Chapter 36

Using Multimedia Applications on an Intranet to Train Employees


CONTENTS

Training is a large cost in any corporation. Enormous amounts of training need to be done in any company, particularly large ones. The costs associated with training are not only financial-they are the time devoted to training, and perhaps equally important, the time and money wasted if a company doesn't properly train its employees.

Training needs to be done to orient new employees to the corporation itself-things such as teaching about corporate procedures, where to find information, how to fill out forms, rules that managers must follow, and other similar orientation issues.

Another level of training has to do with how to use particular pieces of software at the corporation-for example, how to use the accounting system or a database.

The most complex level of training incorporates not just how to use software or how to follow procedures, but how to actually do business at the company. For example, many companies put new sales employees through a substantial amount of training that encompasses teaching about the industry in which the salesperson is selling, information about the product to be sold, as well as specific sales techniques to be used.

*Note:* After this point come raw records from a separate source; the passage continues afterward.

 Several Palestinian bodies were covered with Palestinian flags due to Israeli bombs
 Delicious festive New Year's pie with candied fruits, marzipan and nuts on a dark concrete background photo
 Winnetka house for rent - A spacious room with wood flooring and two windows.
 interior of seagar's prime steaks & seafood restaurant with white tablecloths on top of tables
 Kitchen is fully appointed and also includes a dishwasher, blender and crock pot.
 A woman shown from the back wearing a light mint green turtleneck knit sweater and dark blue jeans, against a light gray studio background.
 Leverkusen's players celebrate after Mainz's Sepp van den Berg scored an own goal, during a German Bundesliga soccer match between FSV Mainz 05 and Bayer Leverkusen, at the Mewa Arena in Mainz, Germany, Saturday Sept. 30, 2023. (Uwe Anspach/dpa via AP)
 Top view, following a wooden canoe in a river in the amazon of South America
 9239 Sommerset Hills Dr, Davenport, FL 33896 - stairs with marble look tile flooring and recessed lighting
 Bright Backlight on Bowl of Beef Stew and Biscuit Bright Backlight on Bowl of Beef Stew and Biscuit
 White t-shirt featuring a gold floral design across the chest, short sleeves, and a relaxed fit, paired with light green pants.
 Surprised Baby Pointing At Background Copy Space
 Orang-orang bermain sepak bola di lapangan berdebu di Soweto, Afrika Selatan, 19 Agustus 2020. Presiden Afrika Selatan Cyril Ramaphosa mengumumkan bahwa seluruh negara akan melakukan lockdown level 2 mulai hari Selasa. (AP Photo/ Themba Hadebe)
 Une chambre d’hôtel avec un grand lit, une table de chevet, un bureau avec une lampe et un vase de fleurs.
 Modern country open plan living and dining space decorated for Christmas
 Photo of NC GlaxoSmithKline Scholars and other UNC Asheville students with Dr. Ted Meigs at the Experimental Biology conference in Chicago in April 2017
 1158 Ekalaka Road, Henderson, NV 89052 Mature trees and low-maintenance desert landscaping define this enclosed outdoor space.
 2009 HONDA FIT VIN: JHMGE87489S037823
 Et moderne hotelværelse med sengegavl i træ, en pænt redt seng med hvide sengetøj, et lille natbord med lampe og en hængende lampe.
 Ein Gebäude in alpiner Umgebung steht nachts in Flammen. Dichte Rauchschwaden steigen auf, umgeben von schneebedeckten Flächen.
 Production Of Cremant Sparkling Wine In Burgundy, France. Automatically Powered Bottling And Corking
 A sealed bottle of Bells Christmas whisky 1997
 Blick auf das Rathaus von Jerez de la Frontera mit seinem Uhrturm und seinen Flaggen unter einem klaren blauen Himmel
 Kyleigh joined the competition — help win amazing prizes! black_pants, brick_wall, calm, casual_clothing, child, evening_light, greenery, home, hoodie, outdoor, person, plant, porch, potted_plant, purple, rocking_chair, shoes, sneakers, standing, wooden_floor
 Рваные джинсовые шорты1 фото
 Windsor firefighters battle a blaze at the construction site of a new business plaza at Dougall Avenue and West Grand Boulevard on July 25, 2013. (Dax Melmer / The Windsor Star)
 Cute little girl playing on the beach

Training is not just for new employees-it needs to be an ongoing process. New products and goods to sell mean people need to be taught about them. New software and business procedures require that people be taught how to use them.

An intranet can help with all these kinds of training. It can cut costs, save time, and ensure that people get better training. On the simplest level, Web pages can be built to train people. The Web can be used as a multimedia training tool by including pictures, video, audio, with the text. It can be interactive as well-people can answer questions, take tests, and try out procedures.

More revolutionary will be intranet-based multimedia applications. Videoconferencing will allow trainers to teach people across the entire intranet. People won't have to be physically in the same room; instead, they can be seated at their PCs. And they'll be able to interact and ask questions using the technology as well.

With whiteboard applications (in which people can see what is on each other's computer screens), a teacher can demonstrate how to use a particular piece of software, and everyone connected can see on their computer screen what the instructor is doing, and can ask questions by doing things such as circling a portion of the screen, and asking questions about it.

Streaming video and audio technologies (which allow people to watch videos or listen to audios without having to wait for them to completely download) can be used for training as well. The ultimate training tool, however, may be virtual reality. A virtual world is built that someone can walk through and interact with in the same way as with the real world. Virtual reality has been used by the airlines and the military, for example, to train pilots.

Using Multimedia Applications to Train Employees

Training employees is a major cost to many corporations. All employees require training on an ongoing basis-training for mundane things such as how to fill out new forms and procedures, to more sophisticated things, such as being given information about new goods and services the company sells. Multimedia on an intranet can be a very effective training tool.